For the records below, tally every line that has the word "love" and reply with the number alone.

### Dataset content
= Beginning of Section =

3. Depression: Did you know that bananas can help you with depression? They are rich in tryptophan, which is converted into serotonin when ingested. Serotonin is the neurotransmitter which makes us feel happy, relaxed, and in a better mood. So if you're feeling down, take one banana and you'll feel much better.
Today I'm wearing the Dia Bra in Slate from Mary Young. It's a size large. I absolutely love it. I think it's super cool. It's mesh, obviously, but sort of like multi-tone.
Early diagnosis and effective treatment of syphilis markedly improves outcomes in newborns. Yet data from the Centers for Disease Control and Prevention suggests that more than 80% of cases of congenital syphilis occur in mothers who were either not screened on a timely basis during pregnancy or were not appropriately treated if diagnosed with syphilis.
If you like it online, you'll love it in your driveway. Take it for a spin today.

= End of Section =
= Beginning of Section =

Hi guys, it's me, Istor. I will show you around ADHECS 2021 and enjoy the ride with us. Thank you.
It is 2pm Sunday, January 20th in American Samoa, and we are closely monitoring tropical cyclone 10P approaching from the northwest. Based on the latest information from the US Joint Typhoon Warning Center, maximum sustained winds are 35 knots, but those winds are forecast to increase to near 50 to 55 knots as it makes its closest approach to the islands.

= End of Section =
= Beginning of Section =

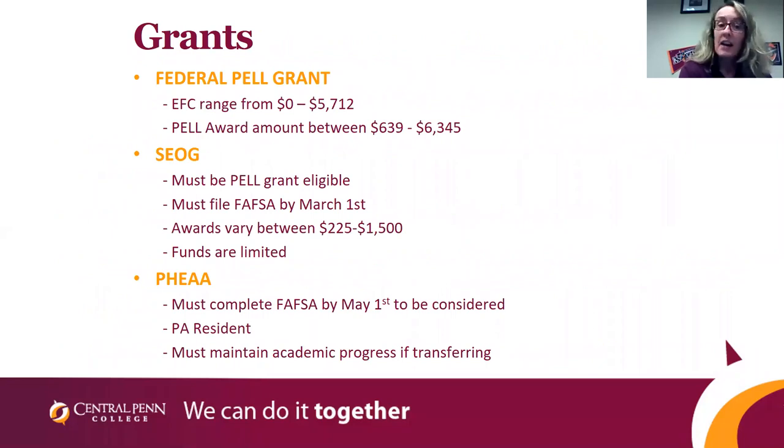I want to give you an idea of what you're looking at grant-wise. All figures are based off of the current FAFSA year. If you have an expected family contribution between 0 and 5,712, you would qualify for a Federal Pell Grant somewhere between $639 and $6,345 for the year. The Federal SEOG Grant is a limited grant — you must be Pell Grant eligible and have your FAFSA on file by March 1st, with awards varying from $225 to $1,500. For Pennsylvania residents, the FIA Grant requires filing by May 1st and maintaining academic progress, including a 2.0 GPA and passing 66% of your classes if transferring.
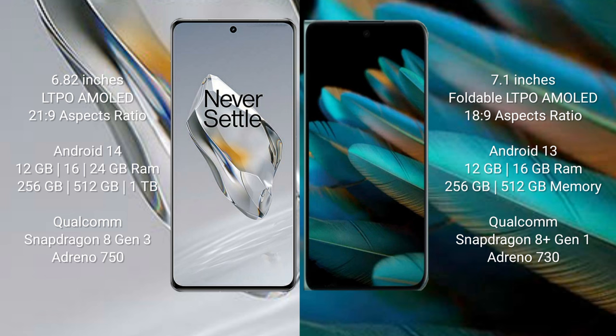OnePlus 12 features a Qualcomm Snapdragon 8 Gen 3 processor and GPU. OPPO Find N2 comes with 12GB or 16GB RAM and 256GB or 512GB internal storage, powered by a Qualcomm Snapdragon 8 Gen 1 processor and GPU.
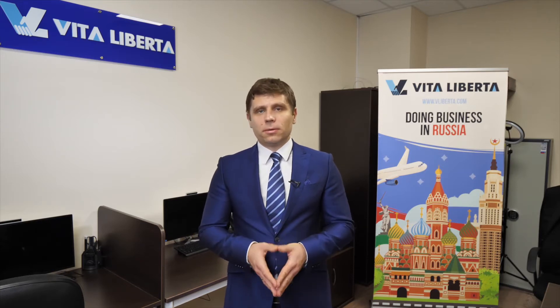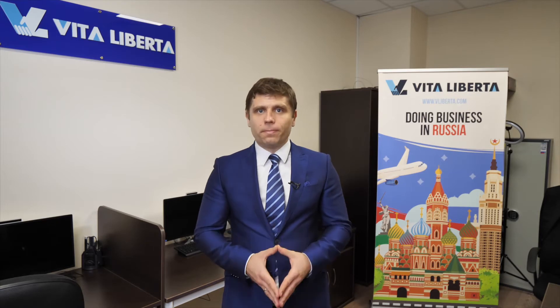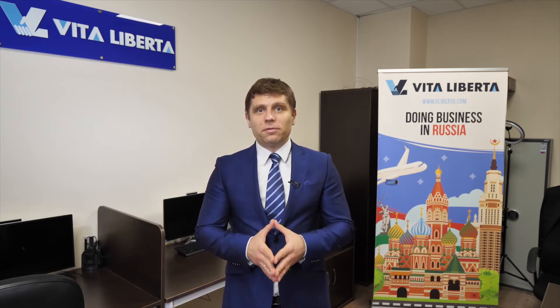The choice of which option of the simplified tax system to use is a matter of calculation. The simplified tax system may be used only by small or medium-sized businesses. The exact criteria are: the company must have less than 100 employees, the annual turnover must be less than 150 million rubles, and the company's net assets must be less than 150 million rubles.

= End of Section =

### Output for this task
2